Docetaxel and Cetuximab in Treating Patients With Metastatic Prostate Cancer

Docetaxel and Cetuximab in Patients With Docetaxel-resistant Hormone-refractory Prostate Cancer (HRPC). A Multicenter Phase II Trial

RATIONALE: Drugs used in chemotherapy, such as docetaxel, work in different ways to stop the growth of tumor cells, either by killing the cells or by stopping them from dividing. Monoclonal antibodies, such as cetuximab, can block tumor growth in different ways. Some block the ability of tumor cells to grow and spread. Others find tumor cells and help kill them or carry tumor-killing substances to them. Cetuximab may also stop the growth of prostate cancer by blocking blood flow to the tumor. Giving docetaxel together with cetuximab may kill more tumor cells.

PURPOSE: This phase II trial is studying the side effects of giving docetaxel together with cetuximab and to see how well it works in treating patients with metastatic prostate cancer.

Study Overview

Status

Completed

Conditions

Detailed Description

OBJECTIVES:

  • To assess the efficacy and safety of docetaxel and cetuximab in patients with docetaxel-resistant hormone-refractory prostate cancer

OUTLINE: This is a multicenter study.

Patients receive cetuximab IV once weekly and docetaxel IV on day 1 (3-week courses) or on days 1, 8, and 15 (4-week courses). Treatment repeats every 3 weeks for up to 8 courses or every 4 weeks for up to 6 courses in the absence of disease progression or unacceptable toxicity.

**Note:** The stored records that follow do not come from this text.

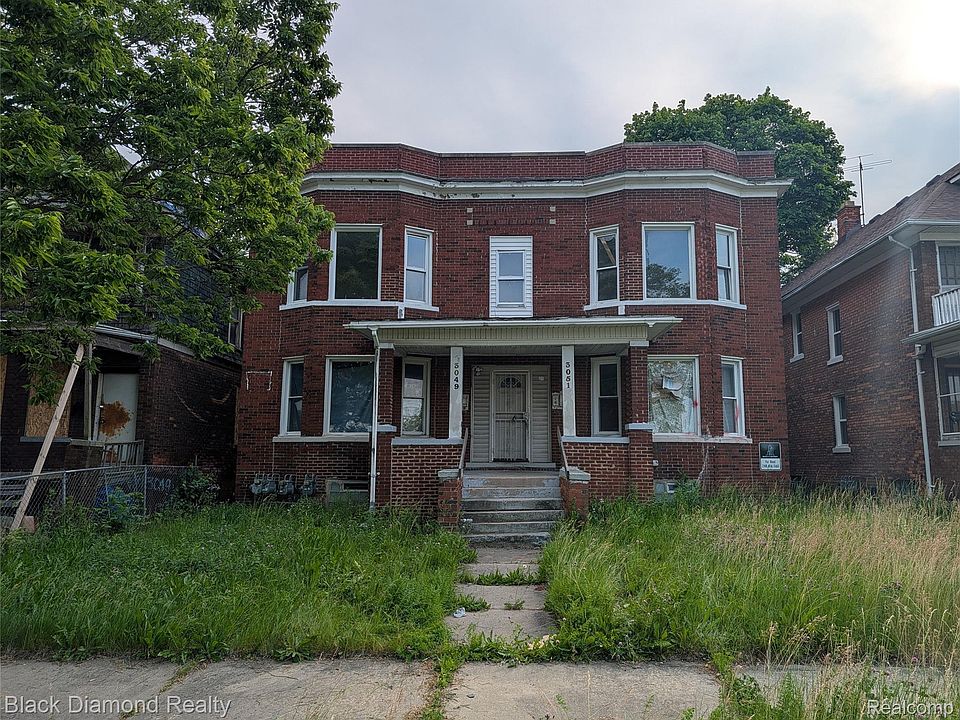 1st image of 3049 Montclair St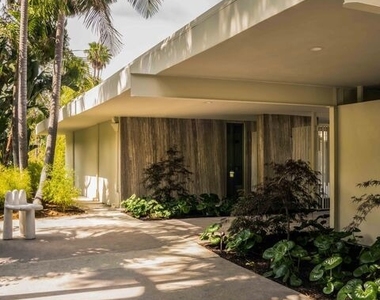 1862 Loma Vista Drive - Photo Thumbnail 1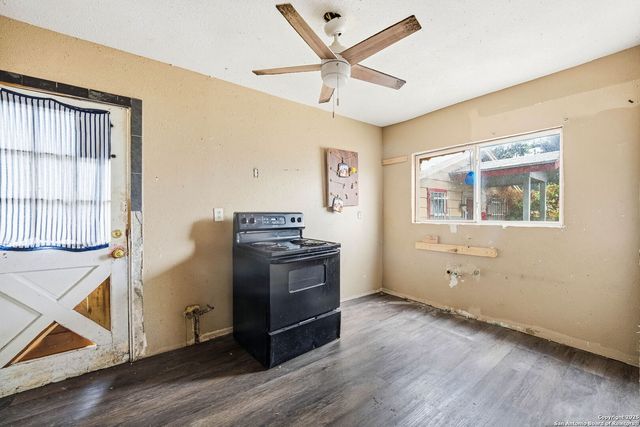 1119 N Gevers St, San Antonio, TX 78202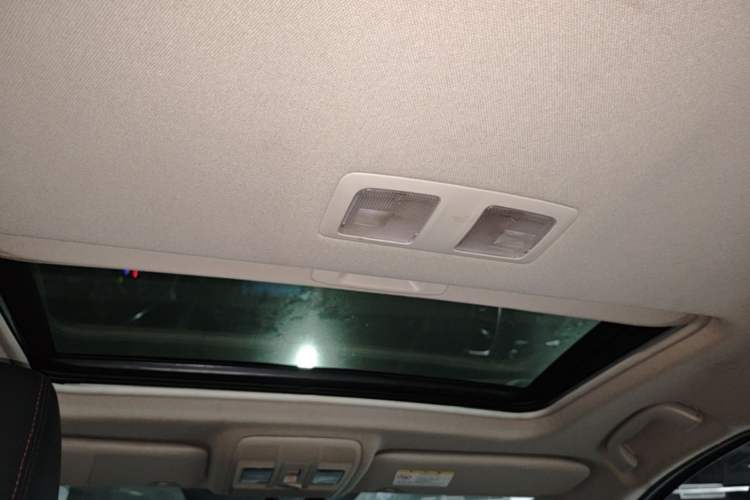 Used Mazda CX-5 2013 2.5L Automatic 4x4 Luxury Version Headliner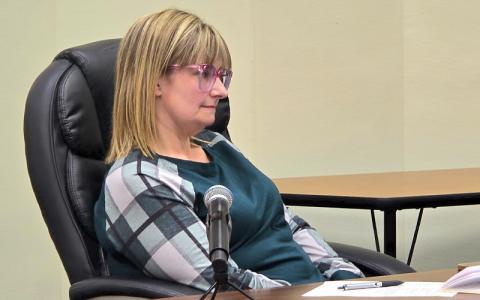 SMT photo/Sara Eisinger.  Swain County Manager Lottie Barker submits a 60-day resignation, officially accepted by the county board in a 4-1 vote during a meeting Dec. 16.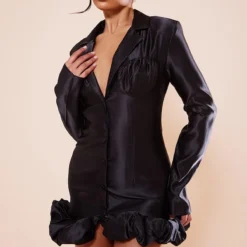 Robe Blazer Satinée Noire à Détail Buste Froncé Et Ourlet Volanté -Jolie Vêtue Soldes Magasin b319bb4e1141c43f0e3e391a96009e10139d14ee cnc2331 3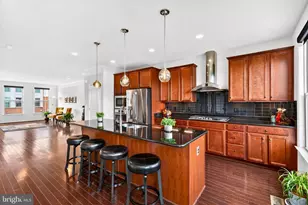 42410 Dogwood Glen Square, Sterling, VA 20166 - Photo 5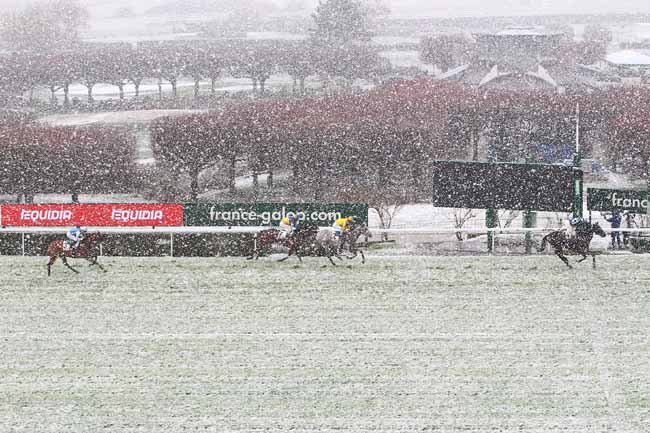 Photo d'arrivée de la course pmu PRIX EXBURY à SAINT-CLOUD le Samedi 17 mars 2018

After completion of study treatment, patients are followed at 4 weeks and then every 3 months thereafter.

Study Type

Interventional

Enrollment (Actual)

35

Phase

  • Phase 2

Contacts and Locations

This section provides the contact details for those conducting the study, and information on where this study is being conducted.

Study Locations

      • Aarau, Switzerland, CH-5001
        • Kantonspital Aarau
      • Baden, Switzerland, CH-5404
        • Kantonsspital Baden
      • Basel, Switzerland, CH-4016
        • Saint Claraspital AG
      • Basel, Switzerland, CH-4031
        • Universitaetsspital-Basel
      • Bern, Switzerland, CH-3010
        • Inselspital Bern
      • Biel, Switzerland, CH-2501
        • Spitalzentrum Biel
      • Bruderholz, Switzerland, CH-4101
        • Kantonsspital Bruderholz
      • Cham, Switzerland, CH-6330
        • AndreasKlinik Cham Zug
      • Chur, Switzerland, CH-7000
        • Kantonsspital Graubuenden
      • Freiburg, Switzerland, 1708
        • Kantonsspital Freiburg
      • Lausanne, Switzerland, CH-1011
        • Centre Hospitalier Universitaire Vaudois
      • Liestal, Switzerland, CH-4410
        • Kantonsspital Liestal
      • Luzerne, Switzerland, CH-6000
        • Kantonsspital, Luzerne
      • Olten, Switzerland, CH-4600
        • Kantonsspital Olten
      • St. Gallen, Switzerland, CH-9007
        • Kantonsspital - St. Gallen
      • Thun, Switzerland, 3600
        • Regionalspital
      • Winterthur, Switzerland, CH-8400
        • Kantonsspital Winterthur
      • Zurich, Switzerland, 8038
        • Onkozentrum
      • Zurich, Switzerland, CH-8063
        • City Hospital Triemli
      • Zurich, Switzerland, CH-8091
        • Universitaetsspital Zuerich
      • Zurich, Switzerland, CH-8032
        • Klinik Hirslanden

Participation Criteria

Researchers look for people who fit a certain description, called eligibility criteria. Some examples of these criteria are a person's general health condition or prior treatments.

Eligibility Criteria

Ages Eligible for Study

18 years to 120 years (Adult, Older Adult)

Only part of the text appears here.